Iran nuclear negotiations

The Lindsey Graham Show (Pilot: Crash and Burn)

"US Republican Senator from South Carolina Lindsey Graham speaks during a US Senate Armed Services Committee on global challenges and US national security strategy on Capitol Hill in Washington." (Nicholas Kamm/AFP/Getty)

“The best deal comes with a new president. Hillary Clinton would do better. I think everybody on our side except maybe Rand Paul could do better.”

Sen. Lindsey Graham (R-SC)

It is worth noting that Mr. Graham is apparently considering a run for the GOP presidential nomination, which would in turn bring him to contest Rand Paul’s ambitions. Still, though, the “Ouch!” about Palmetto senior senator’s jab is mutivalent. Then again, it is also predictable.

And if for some reason one is so interested in having a chuckle at Mr. Graham’s expense―no, really, we understand if you’re not interested in anything having to do with this once-respected statesman who has lately and so greatly tumbled into tinfoil and hatred―Darren Goode of Politico poses an interesting question: “Lindsey Graham: Too green for the GOP?”
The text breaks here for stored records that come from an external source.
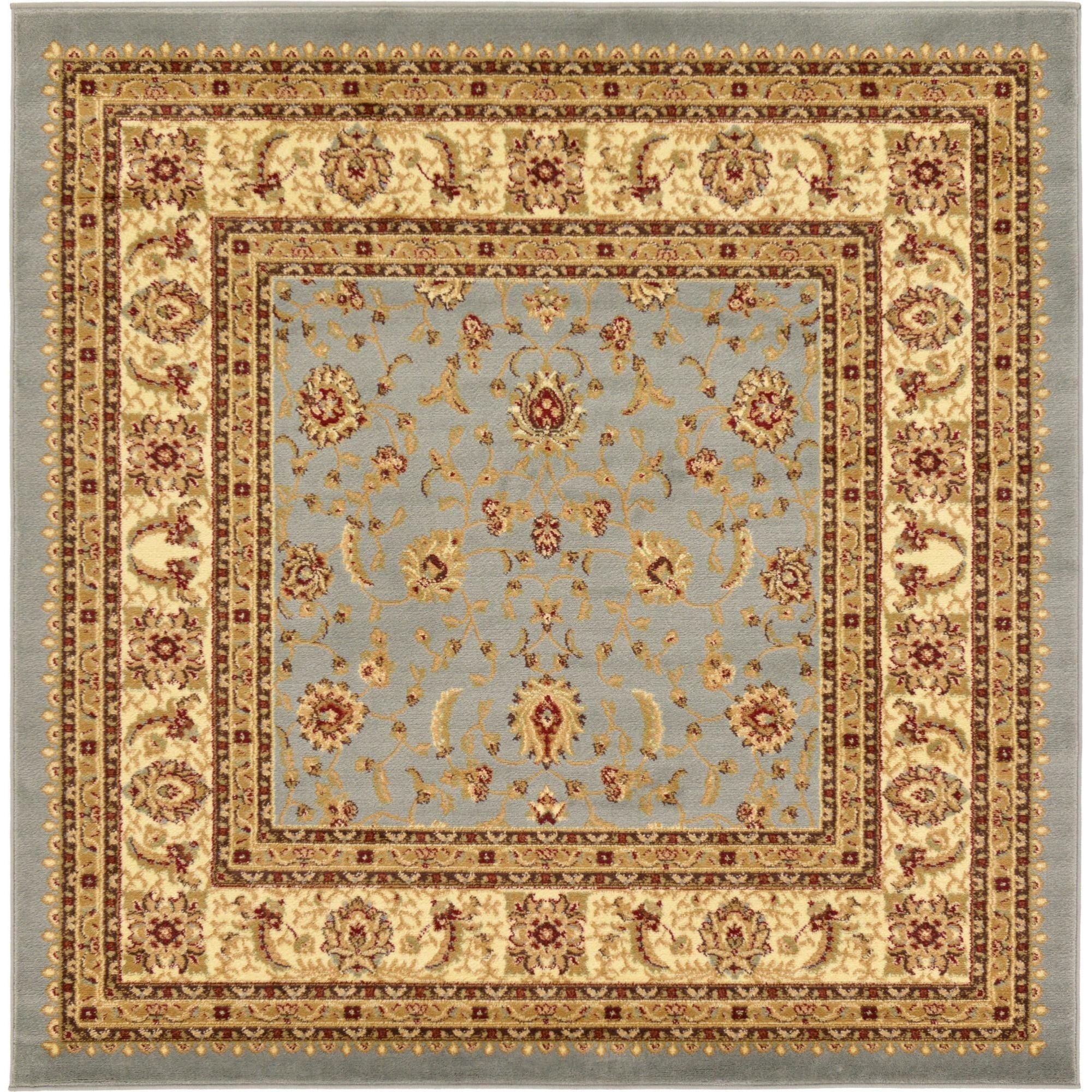 Elegant Floral Light Blue Synthetic Square Rug, 6' x 6'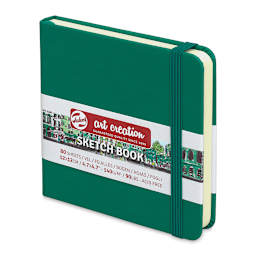 Talens Art Creations Sketchbook - Forest Green, 4.7" x 4.7" (side view)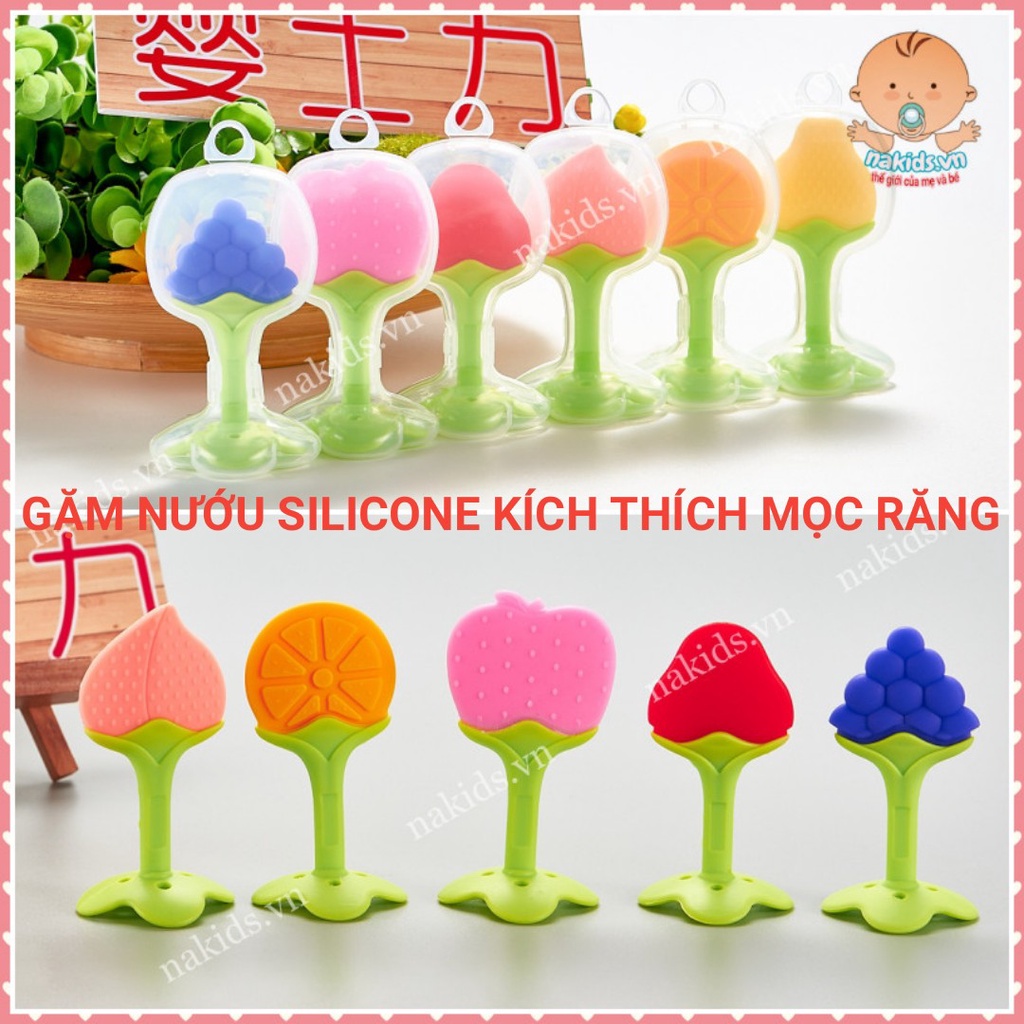 Gặm Nướu Silicon Hình Hoa Qủa Kích Thích Mọc Răng Cho Bé [Có Hộp Đựng] - MS13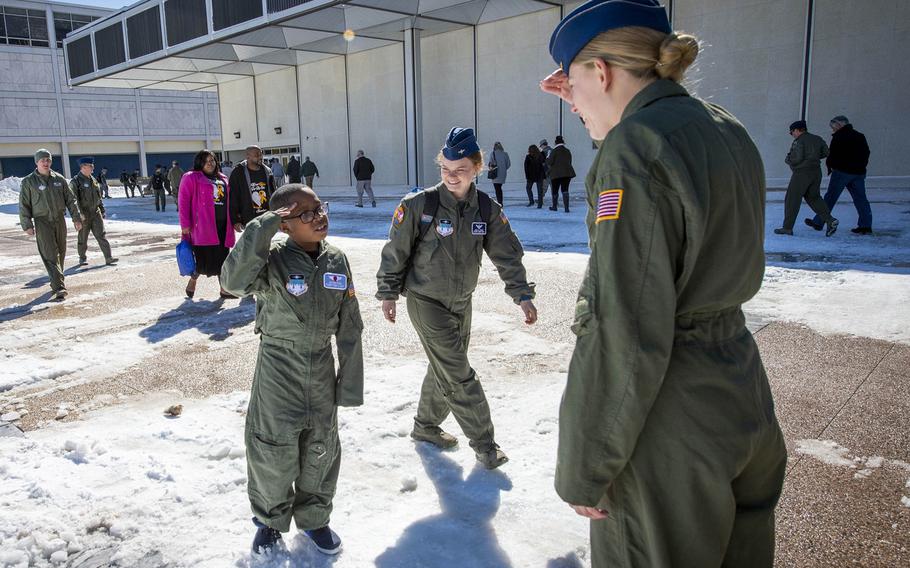 The Air Force Academy's Cadet for a Day program, in partnership with the Make-A-Wish Foundation, hosts 9-year-old Je'Moni Ford and his family, Friday, March 15, 2019. Since 2000, the Cadet for a Day initiative has provided young people facing severe medical challenges with the opportunity to experience life as a cadet.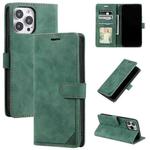 For iPhone 14 Pro Max Skin Feel Anti-theft Brush Horizontal Flip Leather Phone Case(Green)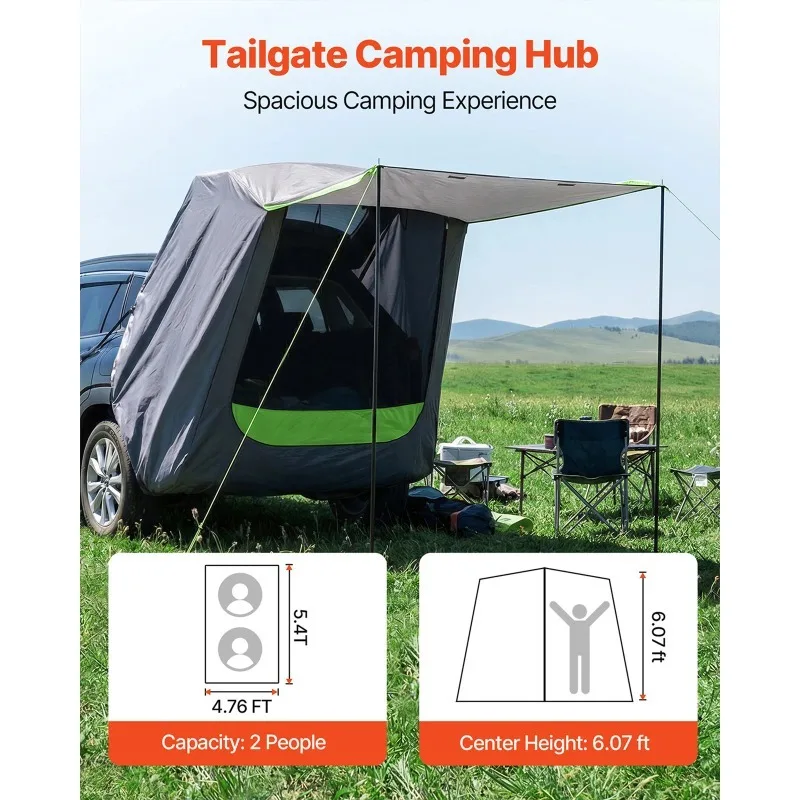 

【From China】 All-Season SUV Tent w/ Shade Awning PU2000mm Waterproof Car Rear Hatch Camping Tents w/ Carrying Bag for Outdoor H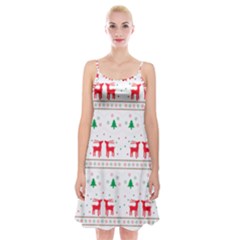 Red Green And Blue Christmas Themed Illustration Spaghetti Strap Velvet Dress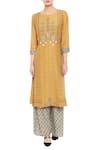 Soup By Sougat Paul_Yellow Printed Kurta Palazzo Set _Online_at_Aza_Fashions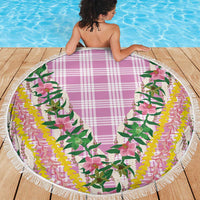 Hawaii Pikake Lokelani Plumeria Lei Beach Blanket Pink Palaka Motifs LT05 - Polynesian Pride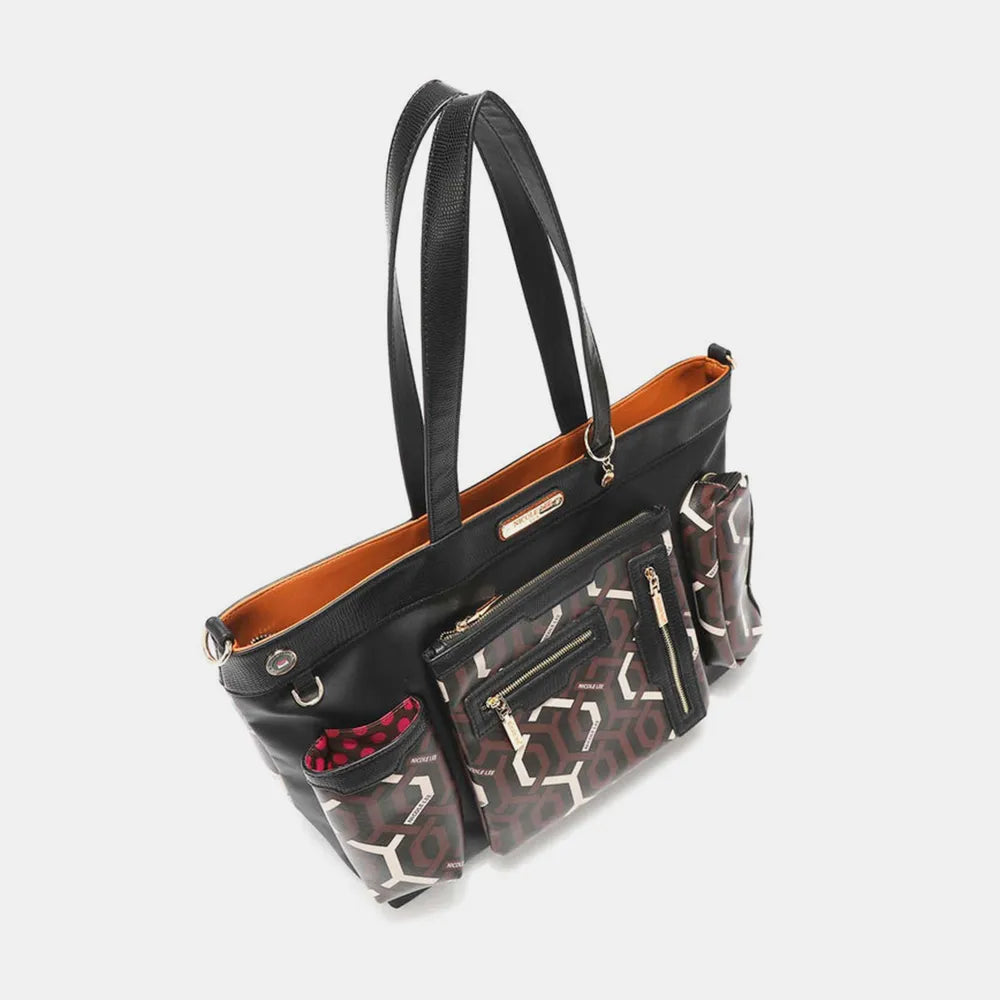 Nicole Lee USA Geometric Pattern Large Handbag - Premium Tote Bag from Trendsi - Just $68.99! Shop now at Handbags Specialist Headquarter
No, really. That’s the headline.

Graham, who bases his climate views as much on Scripture as on science, balked when asked whether the GOP needs a moderating voice — akin to the pro-science, pro-climate-action role that former Utah Gov. Jon Huntsman played in the 2012 Republican primaries ....

.... And unlike Huntsman, Graham isn’t about to lecture people who disagree with him or aren’t willing to join the cause publicly.

“I’m OK with the science behind climate change. But if you’re not, that’s OK with me,” Graham said. “But what is our position about the emissions? What’s our position about the Clean Air Act? What would we do as Republicans to ensure that the next generation enjoys a healthy environment, being good stewards of God’s green earth?”

And that’s what counts as “too green for the GOP”.

Chris Warren, a spokesman for the Koch-affiliated American Energy Alliance, put it simply: “I don’t think anyone is taking Lindsey Graham’s presidential bid too seriously.” We need not wonder why.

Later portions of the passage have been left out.